Bio 301 - Lab 4

Biological Sciences 300, Smith College

Lab 4: Action Potentials in Earthworm Giant Axons

An updated version of this laboratory uses suction electrodes, which record a large signal and keep the nerve cord moist. This older version uses hook electrodes, which allow the nerve cord to dry out if it is not frequently moistened.

Checklist for Lab 4

View the video: Giant Axons in the Earthworm Nerve Cord

Equipment:

Oscilloscope and audio monitor

Preamplifier

Stimulator with twin-pulse capability, pin electrodes, synch cable

Dissecting microscope

Micromanipulator and hook electrodes

Shallow dissecting dish

Earthworm saline in squeeze bottles

Glass probe, cm ruler, dissecting tools

1. Background.

Giant axons

Many invertebrates have evolved giant axons for rapid conduction of action potentials, typically as part of circuits mediating rapid escape reflexes. The squid's giant axon is the best-known example, but the earthworm's giant axons have also been studied extensively, and earthworms have the advantage of being relatively easy to keep in the lab. We will make extracellular recordings from the giant fibers, which will enable us to observe many of the important aspects of action potentials. The experiment is adapted from Welsh, Smith & Kammer, Laboratory Exercises in Invertebrate Physiology, pp. 139-141.

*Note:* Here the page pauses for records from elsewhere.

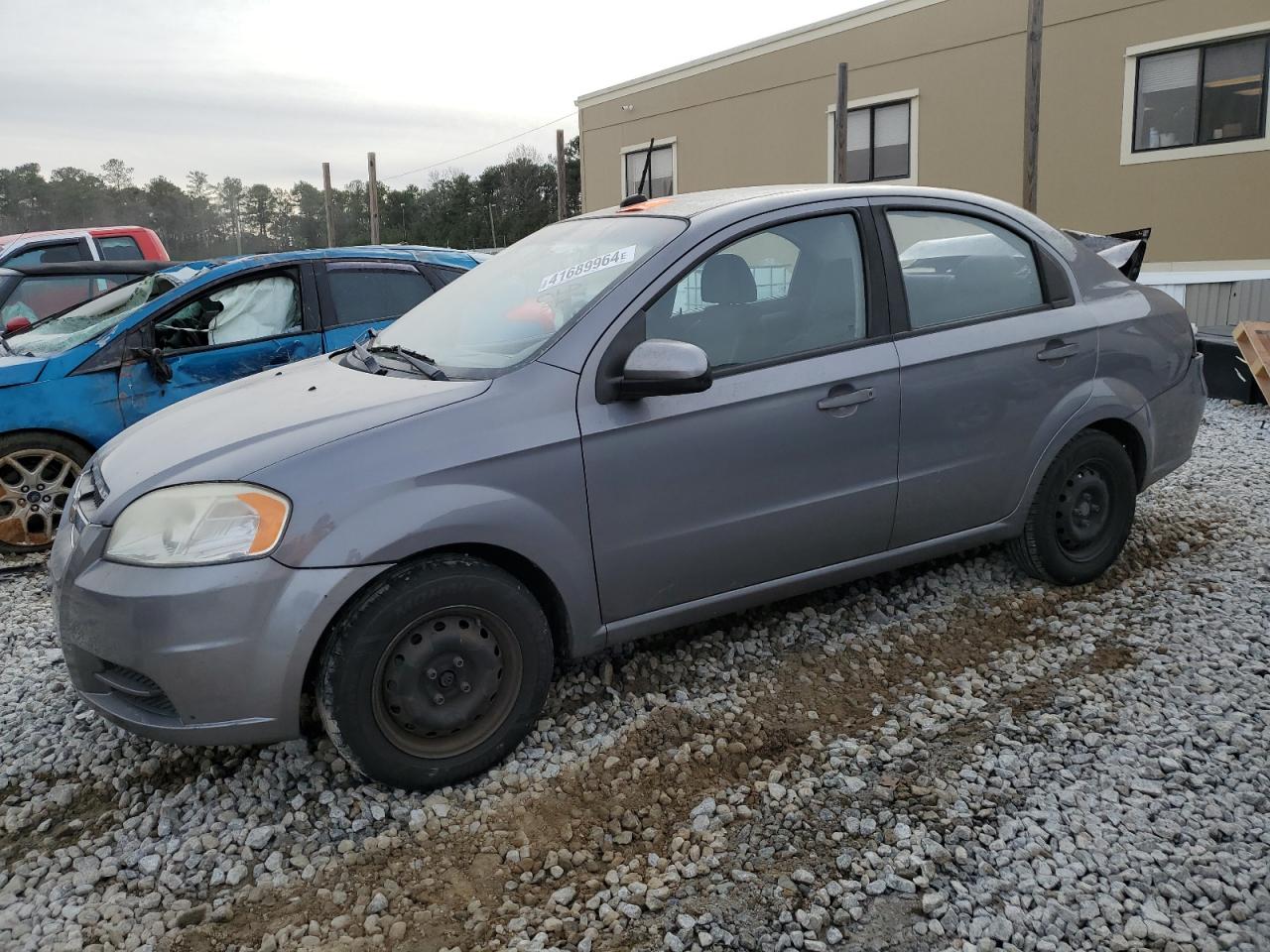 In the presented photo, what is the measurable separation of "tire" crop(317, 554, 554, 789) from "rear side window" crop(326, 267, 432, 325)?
151 inches

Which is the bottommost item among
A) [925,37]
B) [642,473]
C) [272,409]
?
[642,473]

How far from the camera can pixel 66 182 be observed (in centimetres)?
4762

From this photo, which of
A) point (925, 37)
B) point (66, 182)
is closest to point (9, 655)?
point (925, 37)

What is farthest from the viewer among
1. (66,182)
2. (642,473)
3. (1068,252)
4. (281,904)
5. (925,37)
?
(66,182)

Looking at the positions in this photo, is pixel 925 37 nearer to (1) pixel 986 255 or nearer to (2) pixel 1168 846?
(1) pixel 986 255

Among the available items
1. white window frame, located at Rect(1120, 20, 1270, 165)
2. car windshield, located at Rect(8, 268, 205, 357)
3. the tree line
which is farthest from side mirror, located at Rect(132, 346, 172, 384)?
the tree line

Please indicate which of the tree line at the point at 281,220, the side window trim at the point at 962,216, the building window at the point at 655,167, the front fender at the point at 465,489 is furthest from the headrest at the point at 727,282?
the tree line at the point at 281,220

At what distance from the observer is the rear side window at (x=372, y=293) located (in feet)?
20.5

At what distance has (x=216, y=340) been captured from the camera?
19.5 ft

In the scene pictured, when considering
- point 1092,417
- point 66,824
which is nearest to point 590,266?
point 1092,417

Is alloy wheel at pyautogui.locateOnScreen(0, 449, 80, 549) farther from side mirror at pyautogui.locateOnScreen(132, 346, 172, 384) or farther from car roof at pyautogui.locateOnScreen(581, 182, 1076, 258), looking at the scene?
car roof at pyautogui.locateOnScreen(581, 182, 1076, 258)

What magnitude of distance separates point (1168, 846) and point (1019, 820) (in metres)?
0.37

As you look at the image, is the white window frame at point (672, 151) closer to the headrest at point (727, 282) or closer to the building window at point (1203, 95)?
the building window at point (1203, 95)

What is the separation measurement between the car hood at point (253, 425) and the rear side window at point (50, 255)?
27.8 ft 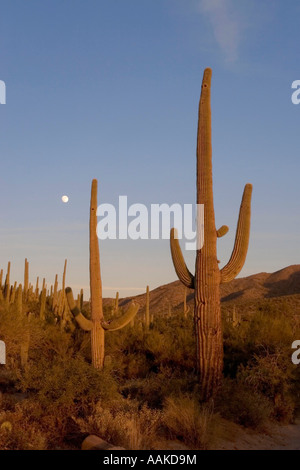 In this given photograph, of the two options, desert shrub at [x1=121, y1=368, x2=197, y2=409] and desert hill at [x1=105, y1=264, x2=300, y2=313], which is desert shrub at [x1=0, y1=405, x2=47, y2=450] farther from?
desert hill at [x1=105, y1=264, x2=300, y2=313]

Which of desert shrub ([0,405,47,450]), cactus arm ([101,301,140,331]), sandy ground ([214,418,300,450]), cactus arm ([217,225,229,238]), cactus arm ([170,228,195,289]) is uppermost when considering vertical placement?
cactus arm ([217,225,229,238])

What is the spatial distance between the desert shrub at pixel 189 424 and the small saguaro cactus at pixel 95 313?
5030mm

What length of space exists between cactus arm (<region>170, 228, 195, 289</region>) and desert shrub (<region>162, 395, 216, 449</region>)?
3.75 meters

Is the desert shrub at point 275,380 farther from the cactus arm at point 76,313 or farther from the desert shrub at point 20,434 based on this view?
the desert shrub at point 20,434

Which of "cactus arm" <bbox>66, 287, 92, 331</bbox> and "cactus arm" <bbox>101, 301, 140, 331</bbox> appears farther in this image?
"cactus arm" <bbox>101, 301, 140, 331</bbox>

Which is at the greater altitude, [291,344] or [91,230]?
[91,230]

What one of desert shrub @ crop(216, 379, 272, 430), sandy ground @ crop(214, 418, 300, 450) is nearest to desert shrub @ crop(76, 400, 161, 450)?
sandy ground @ crop(214, 418, 300, 450)

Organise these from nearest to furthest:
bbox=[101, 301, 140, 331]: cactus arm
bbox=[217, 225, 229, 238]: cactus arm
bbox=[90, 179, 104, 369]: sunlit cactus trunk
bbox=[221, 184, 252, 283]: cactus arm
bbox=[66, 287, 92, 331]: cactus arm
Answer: bbox=[221, 184, 252, 283]: cactus arm < bbox=[217, 225, 229, 238]: cactus arm < bbox=[66, 287, 92, 331]: cactus arm < bbox=[90, 179, 104, 369]: sunlit cactus trunk < bbox=[101, 301, 140, 331]: cactus arm

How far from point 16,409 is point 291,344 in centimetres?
760

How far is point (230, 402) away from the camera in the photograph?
11125mm

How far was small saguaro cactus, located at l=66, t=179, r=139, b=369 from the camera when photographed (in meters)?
14.7

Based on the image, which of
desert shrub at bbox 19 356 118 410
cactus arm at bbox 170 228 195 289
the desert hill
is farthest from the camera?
the desert hill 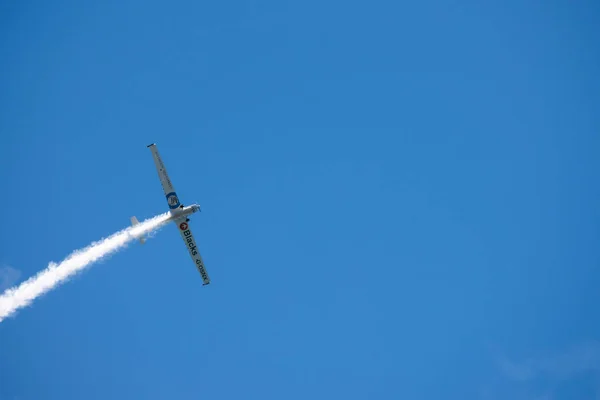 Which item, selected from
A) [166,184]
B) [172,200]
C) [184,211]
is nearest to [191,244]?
[184,211]

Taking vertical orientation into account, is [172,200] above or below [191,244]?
above

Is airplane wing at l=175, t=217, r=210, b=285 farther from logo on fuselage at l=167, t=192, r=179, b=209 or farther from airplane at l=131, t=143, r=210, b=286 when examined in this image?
logo on fuselage at l=167, t=192, r=179, b=209

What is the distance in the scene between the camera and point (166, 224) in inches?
2441

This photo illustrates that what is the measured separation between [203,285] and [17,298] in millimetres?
19538

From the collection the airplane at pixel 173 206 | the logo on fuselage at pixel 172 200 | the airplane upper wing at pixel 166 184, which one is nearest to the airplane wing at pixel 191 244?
the airplane at pixel 173 206

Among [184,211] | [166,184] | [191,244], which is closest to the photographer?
[166,184]

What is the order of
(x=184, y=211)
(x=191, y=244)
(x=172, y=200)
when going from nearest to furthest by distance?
(x=172, y=200) < (x=184, y=211) < (x=191, y=244)

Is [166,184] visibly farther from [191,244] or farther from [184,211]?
[191,244]

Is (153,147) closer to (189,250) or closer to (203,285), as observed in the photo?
(189,250)

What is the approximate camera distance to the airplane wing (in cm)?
6288

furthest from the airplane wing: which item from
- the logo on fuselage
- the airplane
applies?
the logo on fuselage

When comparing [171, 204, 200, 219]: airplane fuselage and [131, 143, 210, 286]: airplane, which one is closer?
[131, 143, 210, 286]: airplane

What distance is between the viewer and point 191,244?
6544cm

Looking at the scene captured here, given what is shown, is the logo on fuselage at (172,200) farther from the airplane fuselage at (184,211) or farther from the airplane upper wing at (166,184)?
the airplane fuselage at (184,211) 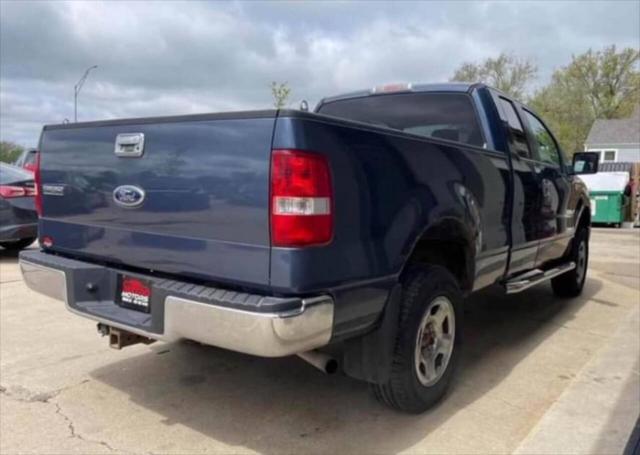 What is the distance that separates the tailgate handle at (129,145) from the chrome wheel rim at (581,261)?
5.25 metres

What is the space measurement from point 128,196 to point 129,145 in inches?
10.1

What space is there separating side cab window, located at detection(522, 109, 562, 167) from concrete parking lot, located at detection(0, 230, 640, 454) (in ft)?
5.26

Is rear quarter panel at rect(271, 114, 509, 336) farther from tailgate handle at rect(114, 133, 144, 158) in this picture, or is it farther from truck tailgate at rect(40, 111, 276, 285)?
tailgate handle at rect(114, 133, 144, 158)

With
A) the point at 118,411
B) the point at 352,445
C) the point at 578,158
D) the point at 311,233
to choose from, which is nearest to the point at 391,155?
the point at 311,233

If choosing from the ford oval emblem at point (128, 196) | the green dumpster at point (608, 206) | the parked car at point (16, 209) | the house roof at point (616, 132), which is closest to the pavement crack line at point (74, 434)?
the ford oval emblem at point (128, 196)

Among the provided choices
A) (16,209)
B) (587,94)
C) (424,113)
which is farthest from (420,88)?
(587,94)

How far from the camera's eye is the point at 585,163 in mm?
5691

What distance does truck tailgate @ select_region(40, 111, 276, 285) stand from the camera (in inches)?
92.6

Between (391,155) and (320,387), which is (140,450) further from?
(391,155)

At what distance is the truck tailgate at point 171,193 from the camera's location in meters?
2.35

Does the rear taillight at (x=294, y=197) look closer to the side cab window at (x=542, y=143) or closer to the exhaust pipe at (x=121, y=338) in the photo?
the exhaust pipe at (x=121, y=338)

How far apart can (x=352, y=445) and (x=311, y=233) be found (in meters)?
1.26

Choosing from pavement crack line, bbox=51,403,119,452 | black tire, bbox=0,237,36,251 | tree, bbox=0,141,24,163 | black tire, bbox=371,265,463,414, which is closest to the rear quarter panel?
black tire, bbox=371,265,463,414

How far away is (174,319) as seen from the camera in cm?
250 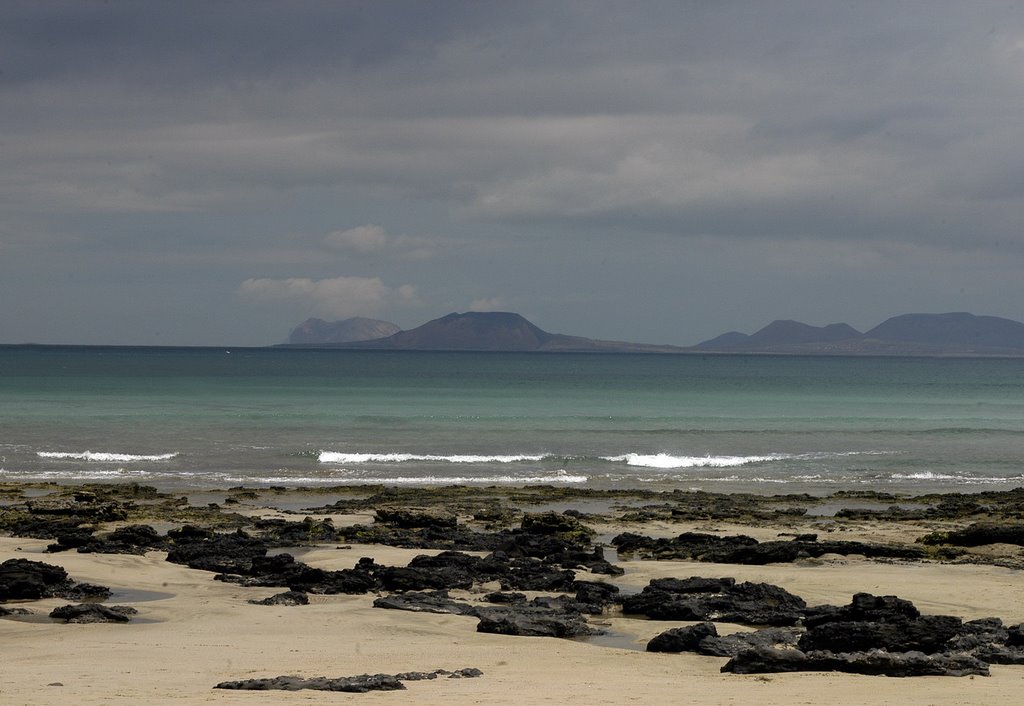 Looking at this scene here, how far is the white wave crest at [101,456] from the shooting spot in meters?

Micrographs of Lumbriculus variegatus by Alanna Morris, from a project in Bio 337, Fine Structure.
Click figures to see enlarged images.

Cross-section of an annelid worm

Close-up of nerve cord

An annelid worm's nerve cord is near the ventral surface of the worm, at the bottom in the cross-section on the left. (The large structure that fills most of the body cavity is the intestine.) The giant axons appear as three large profiles (gf) near the dorsal surface of the cord, seen better in the close-up figure. The median giant axon in the center is larger (and conducts more rapidly) than the two lateral giants next to it. The remainder of the nerve cord is largely neuropile (np), where synaptic connections are made. Profiles of ordinary-sized axons can also be seen, and a few neuronal cell bodies appear around the periphery.

Each giant axon is formed from many individual neurons whose axons fuse into a single functional unit, but whose cell bodies remain separate. In addition, the two lateral giants are interconnected at many points along their lengths and normally fire together. (They jointly contribute only one spike to an extracellular record.) In mediating the startle response, the median giant receives sensory input from the anterior end of the worm, and the laterals from the posterior, so that normally the median and laterals conduct in opposite directions. However, when action potentials are electrically stimulated (as in our experiment), the spikes propagate away from the stimulating electrodes in both directions.

Extracellular recording of action potentials

An electrode inside a neuron detects an action potential as a positive-going change from the usually negative resting potential of the cell. The action potential is produced because a few positive (sodium) ions enter the cell from the fluid around the cell. But what would be detected by an electrode outside the neuron?

Since the fluid outside a neuron is connected to the other body fluids, at rest its electrical potential is zero (ground). When an action potential passes by, some positive ions leave the extracellular fluid and enter the neuron. For the brief moment of the action potential, the fluid outside the neuron has a deficit of positive ions. A deficit of positive ions is the same as an excess of negative ions. Thus, an electrode outside a neuron sees a negative-going change in potential when an action potential sweeps by. In addition, if two nearby extracellular electrodes (such as the two hooks in our experiment) are connected to the two inputs of a differential amplifier, each electrode will see the same action potential, but with a slight delay as the action potential travels by. The amplifier inverts one of the signals, turning the negative-going spike into a positive potential. The result at the output of the amplifer is a biphasic spike: a negative peak from the non-inverting input, and an upside-down (positive) peak from the inverting input. These two components usually overlap, adding up so that one peak appears bigger than the other.

We need substantial amplification because an extracellularly recorded action potential is very small, typically in the range from a few microvolts up to a few millivolts. An electrode in the tissue next to an axon detects only a fraction of the flow of ions around the axon. In addition, nerves consist of bundles of axons. There may be just a few axons or as many as several thousand, depending on the particular nerve. Axons with large diameters (and large membrane surface areas) will have larger ionic currents flowing around them, and their action potentials will appear bigger to an extracellular electrode than those from small axons. Also, even similar sized axons will appear to have smaller spikes if they are far away from the electrode. The result of variations in axon distances and diameters is that extracellular records show spikes of many different amplitudes.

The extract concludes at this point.